If that happens one day then the booking engines, with their singular focus on making the patient’s lives much easier in their healthcare journey would end up in a much better position.  

But where in the world is a healthcare system really patient centric?

Nowhere, not even in the highly advanced, and much more patient centric systems you observe in Scandinavian countries.

At the end of the day governments simply could not afford to hand the sort of power over to consumers in healthcare that you see them have in other markets such as banking and travel. It would send them bankrupt.

There will undoubtably be much more consumer choice and power as data sharing and interoperability technology gets better but there will always need to be a trade-off between cost, efficiency and consumer power in healthcare while government is footing 90% of the bill.

Is this the ugly rub for the entrepreneurs backing the booking engine businesses?

In healthcare the dynamic between the consumer and how they are serviced is very different to most other markets where digital has radically shifted power to the consumer because in healthcare the consumer isn’t actually paying for much. The government is.

If you accept this logic, the booking engines will need to change tack somewhat now they’ve maxed out on their patient engagement functionality and look upstream, to where the data being transacted has a more direct correlation to healthcare funding.

The obvious (but not only) candidate as things stand today is the PMS market.

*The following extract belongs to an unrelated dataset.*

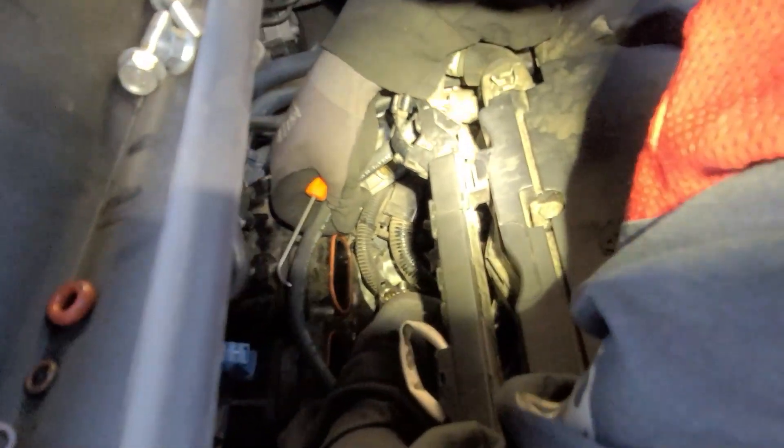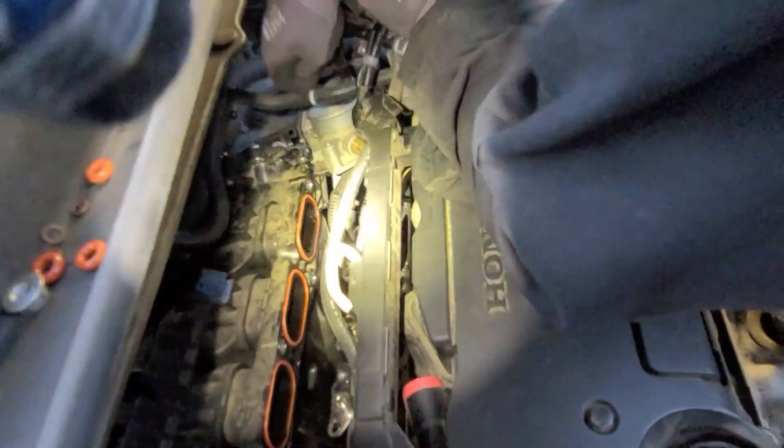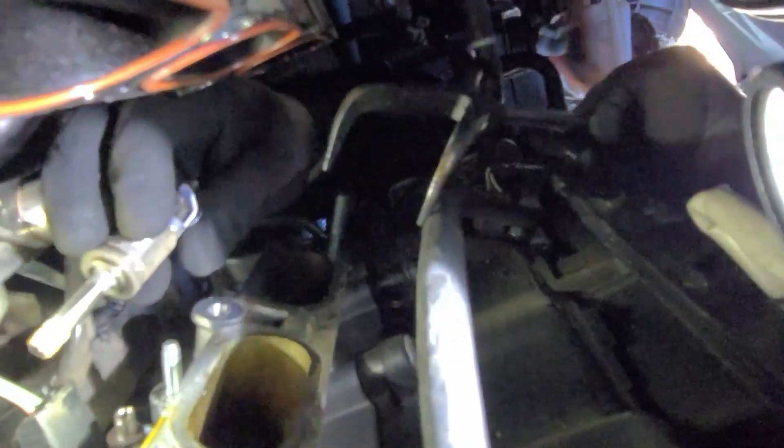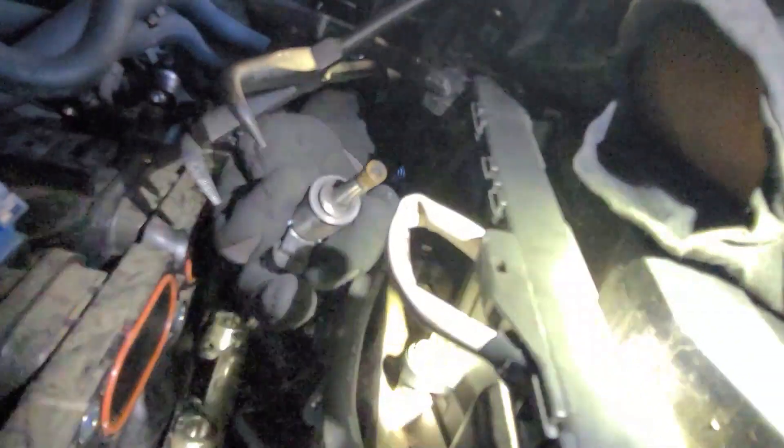Cylinder number four — there it is. That's a lot of gum in there. Now, you don't need to push the injector all the way in by hand — just make sure it's in there, because we're going to use the fuel rail to push the injector down so they will all be seated evenly.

The PMSs are gatekeepers of the sort of transactions and data which is central to our healthcare funding system, and the gatekeepers of access to GPs at a time when our whole healthcare system needs to pivot to more sophisticated and connected community healthcare management via the general practice network.

Interestingly, the major PMSs, in their current incarnations, are mostly technologies stranded in very traditional and disconnected healthcare business models and silos. The future is going to connect care at the intersection of aged care, hospitals, general practice, specialists and allied care, but these PMSs only sit in and talk to general practice, or, specialists.

If you are a smart, capable technology company that has built a great booking engine, you would not want to reproduce what PMSs do today.

What would you create if you had the money, the will , the talent and the experience, as feasibly HotDoc and HealthEngine have and perhaps with its new PE owner, even 1st Available might develop?

That’s the board meeting I want to sit in on.